I  think the solution is to simply remove /etc/init.d/network from the boot process.

Until this morning, I was having what appears to be the identical problem, with two wrinkles:

1) I run pure 32-bit.

2) 90-network.rules does not exist at all

I discovered that if I restarted /etc/init.d/network rather than /etc/init.d/net.eth0, my default route was not fixed.  The script said it was adding the route but it didn't actually do it.  This matched what happened at boot time.

I removed network from the boot process and rebooted.  This time, the route messages came up but they could only have come from net.eth0 and my default route was set.  

What I think is going on is two things:

1) Execution of /etc/init.d/network is broken.  This is likely a consequence of being no longer maintained.

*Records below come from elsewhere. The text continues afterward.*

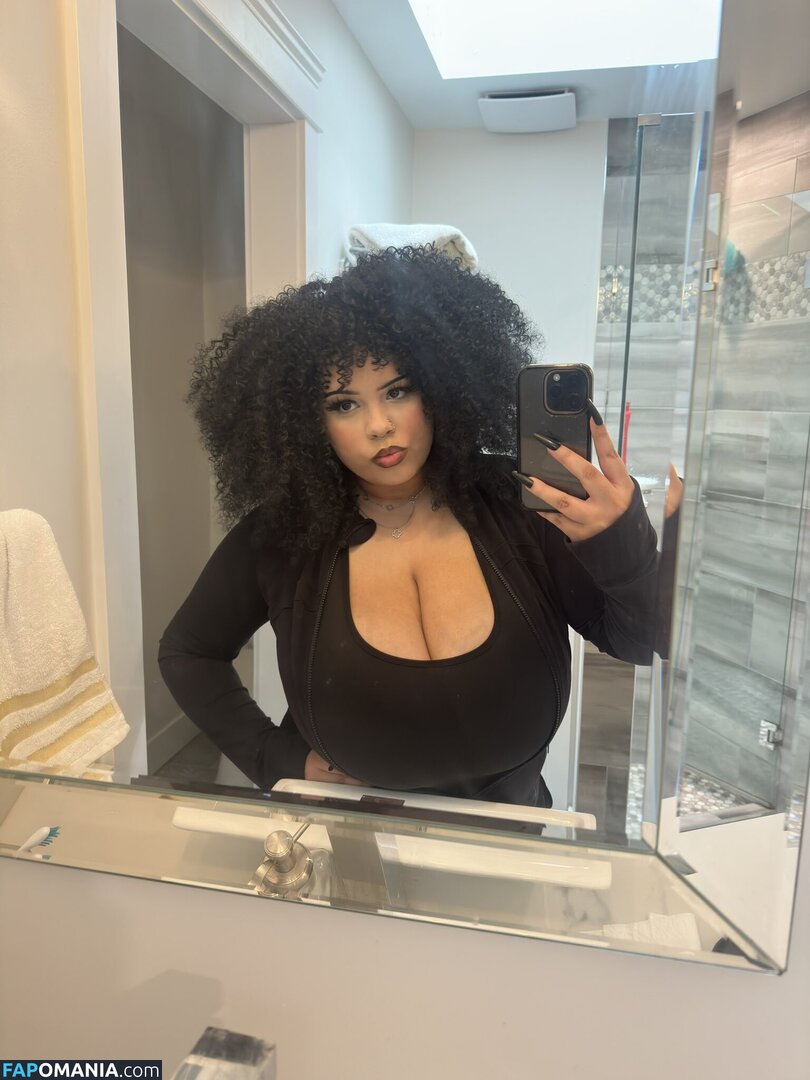 Sadesgrave Çıplak OnlyFans  Sızdırılmış Fotoğraf #12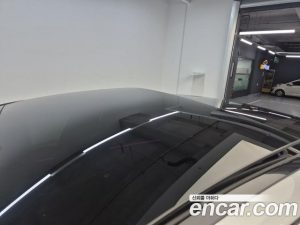 Mercedes-Benz S-Class S450L 4MATIC 2024 года из Южной Кореи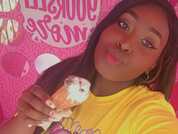 emilyrojas pic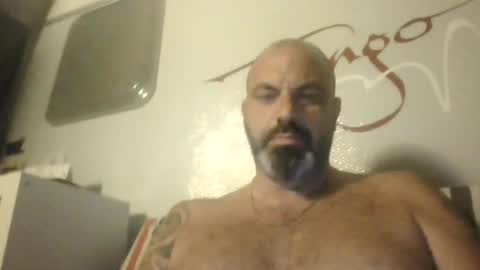 fabiann38 online show from 4, 8, 2026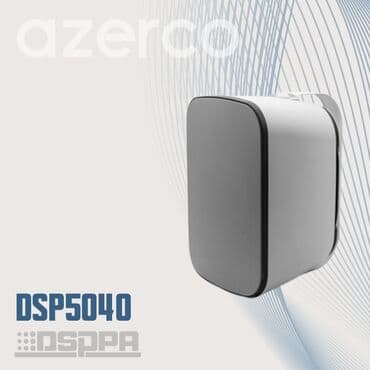 edifier dinamik: Yeni Kolonka, Növ - Portativ, rəng - Ağ — 7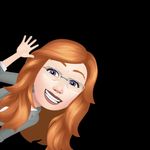 Sharron Brooks - @sharronbrooks40 - Instagram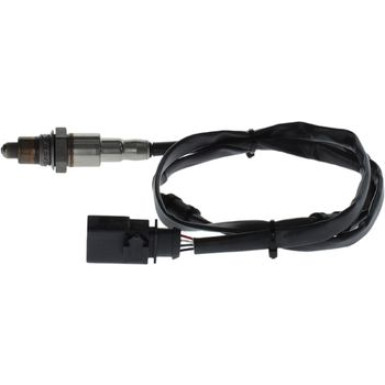 Lambdasonde FORD,JAGUAR,SKODA Fabia 14 0 258 030 088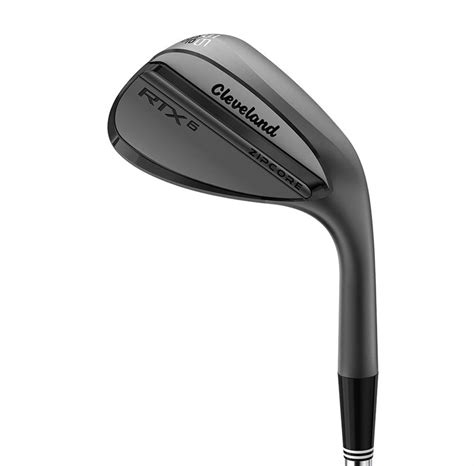 Wedges – Golf Garage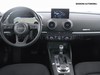 Audi A3 sportback 40 1.4 tfsi e-tron admired s tronic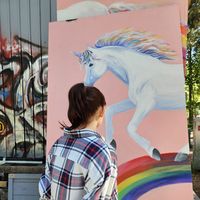 Nanette Ranta的照片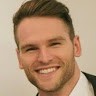 Milanote Employee Glenn Allen's profile photo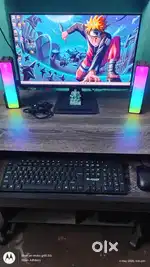 Pc set up sell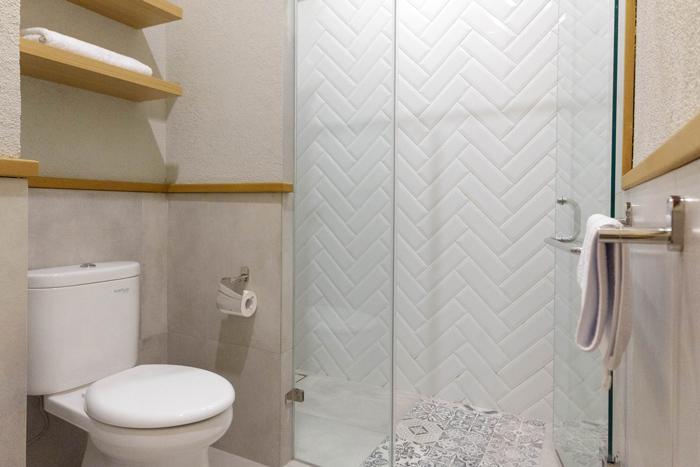 W8 - Superior Daily - Casa Living Senopati at Twospaces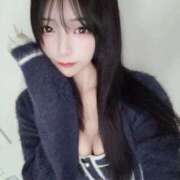 ヒメ日記 2026/03/14 17:12 投稿 るちあ sexis小山佐野店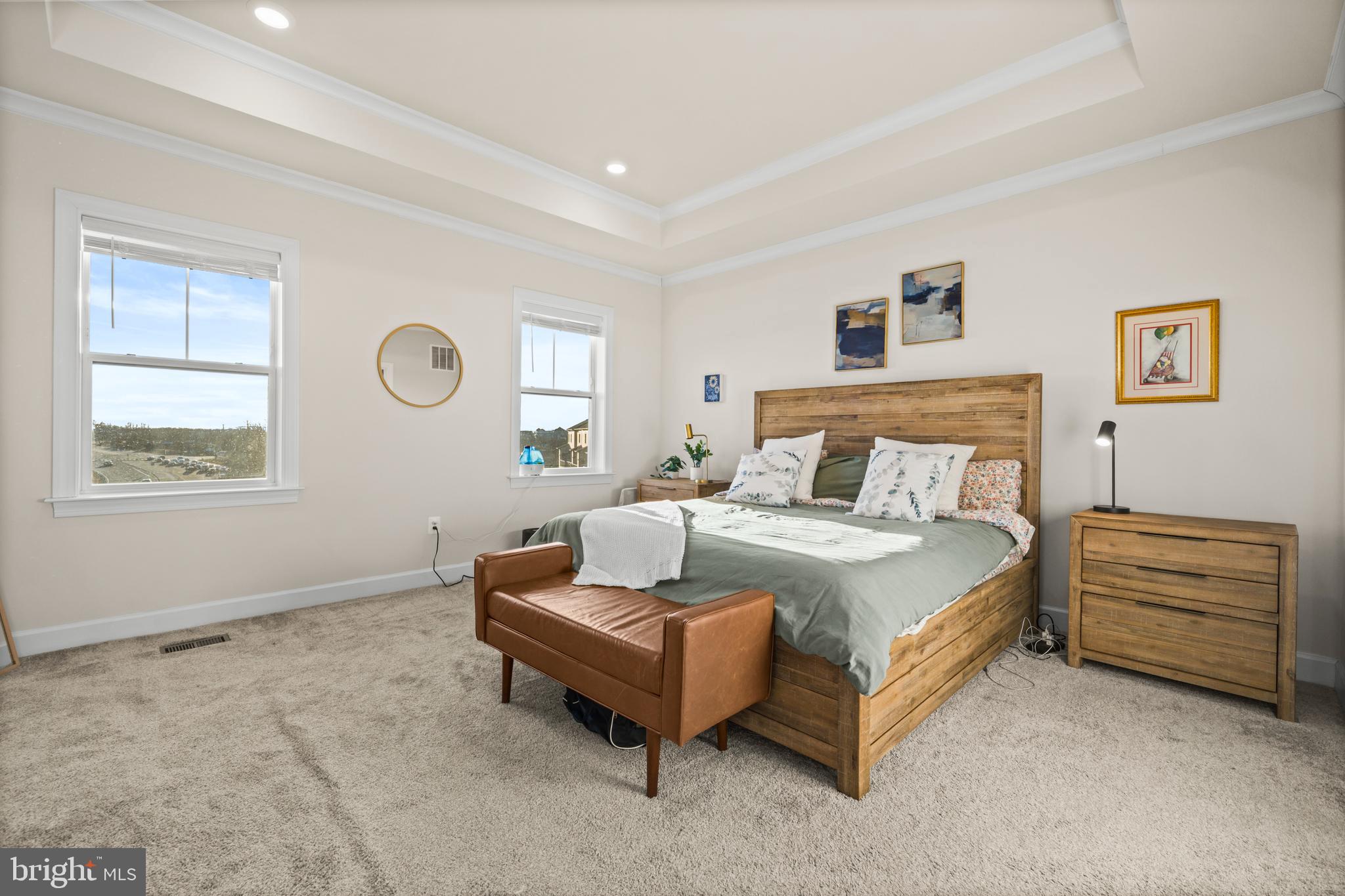 22530 WILSON VIEW TERRACE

2) net.eth0, which is maintained, will not run fully in the boot process if /etc/init.d./network has already started.  rc--status reports that it has a started so it is not as simple as saying net.eth0 does not run.

----------

## apgf

 *ese002 wrote:*   

> I  think the solution is to simply remove /etc/init.d/network from the boot process.

 

thank you for the answer, I will try it tomorow

----------

## apgf

 *ese002 wrote:*   

> I  think the solution is to simply remove /etc/init.d/network from the boot process.

 

great, it works. thanx a lot.

Do I have to mark this as solved? When yes, how do I do that?

----------

## ese002

Convention is that the user who created the thread changes the subject of the first message to start with [Solved]. Are you the same person as multix?

----------

## apgf

 *ese002 wrote:*   

> Convention is that the user who created the thread changes the subject of the first message to start with [Solved]. Are you the same person as multix?

 

no. thats why i could not change it.

----------